To identify threats, we first must know the threats exist. In this video, you’ll learn about threat intelligence gathering techniques such as OSINT, third-parties, information sharing, the dark web, and more.
As an IT security professional, you’ll be expected to always keep up to date with the latest threats that could be affecting your organization. You not only need to know about the threats, you also need to know about the threat actors, which might tell you where a threat would originate. Fortunately, there is a lot of information on the internet that can inform you about the different hacker groups and help you understand the different tools that they might use to attack a network.
You can then make your security decisions based on this intelligence. If you need additional security tools, or you want to get trained on different types of security techniques, you may be able to specify what type of tools you’ll need based on this threat intelligence. And of course, there may be many different parts of the organization who can take advantage of this threat intelligence.

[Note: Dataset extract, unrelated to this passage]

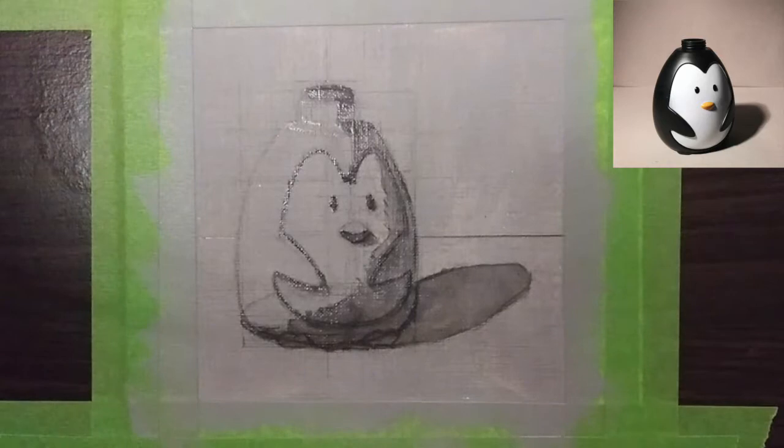Hello everyone, so in this tutorial I will be going over a grisaille painting. A grisaille painting is something we're going to be doing in painting one — this is one of the first paintings we're going to start with. With a grisaille painting, it's basically an achromatic painting that deals with black and white. You're just dealing with a grayscale and dealing with values of 1 through 9.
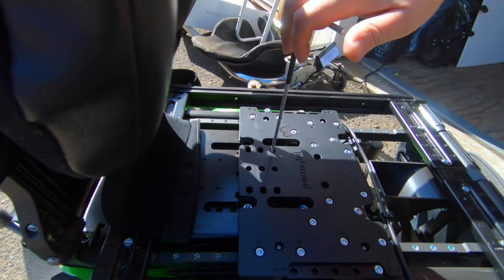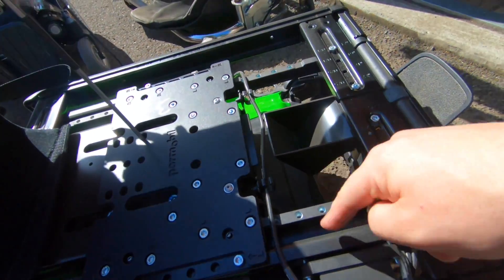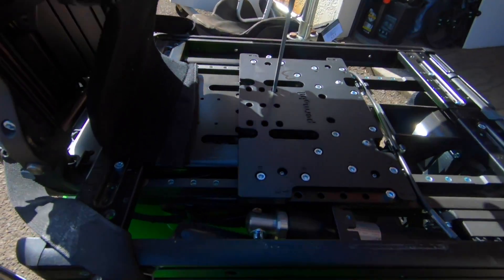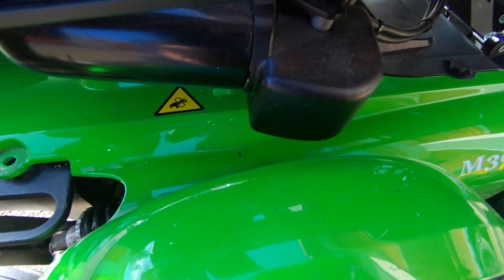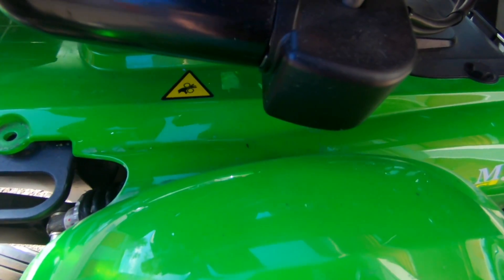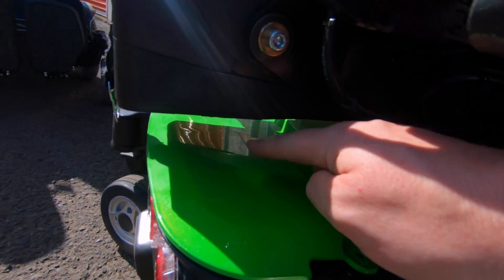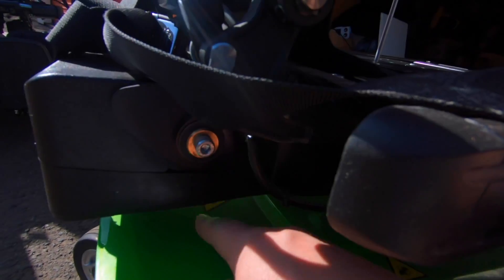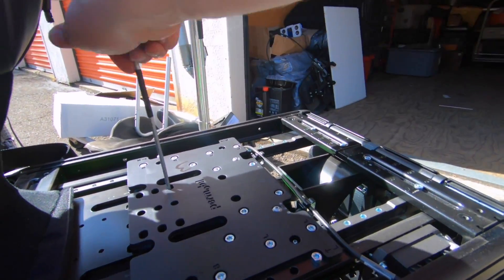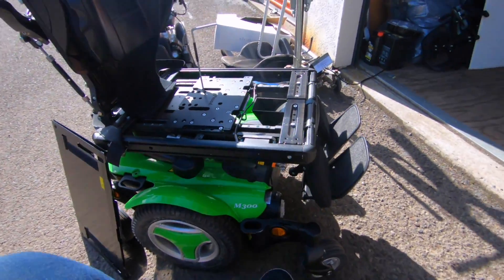Then basically all you have to do is turn this and the seat will slowly start to raise. It takes a fair amount of force to do this, and to get the thing up tall enough to get your battery covers off is going to take a moderate amount of work. As you can see here, it's moving very slowly, but our seat is raising up. You can see now we've got a little bit of a gap here.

This threat intelligence might be used by researchers in your organization to better understand the risk associated with these threats. And there may be parts of the IT department that are focusing on understanding threats and how to protect against them.
One source for information on may come from OSINT. This is Open-Source Intelligence, and it’s information that is available to anyone. You just have to know where to look. On the internet, you can focus on individual discussion groups, especially those that might be hosted by hacking groups. And there may be social media posts and other researchers who put information online that you may be able to gather.
You can also gather a great deal of information from the government. Almost everything the government makes is open-source and available to read so you can go through different public hearings, maybe view different reports and websites that can give you more details about the particular subject you’re researching. And there might be commercial data that’s publicly available. For example, an organization may release financial reports or databases that contain details about projects or risks associated with those organizations.
There are also companies that are built around this information intelligence, where they will compile the information for you and provide that to you for a fee. One advantage that threat intelligence services bring to the table is that they’re able to analyze threats across many different organizations simultaneously. And if they happen to see certain threats occurring in one segment, they can inform you of that threat before it arrives in your organization.
One advantage that these proprietary or third party intelligence sources provide is a way to view many different organizations simultaneously. So they may be able to see trends of attacks that are occurring across multiple enterprises and provide an alerting function for other organizations. These organizations are constantly monitoring the threat landscape to understand what the new threats might be. And they can give you ideas on how you may protect against those latest threats.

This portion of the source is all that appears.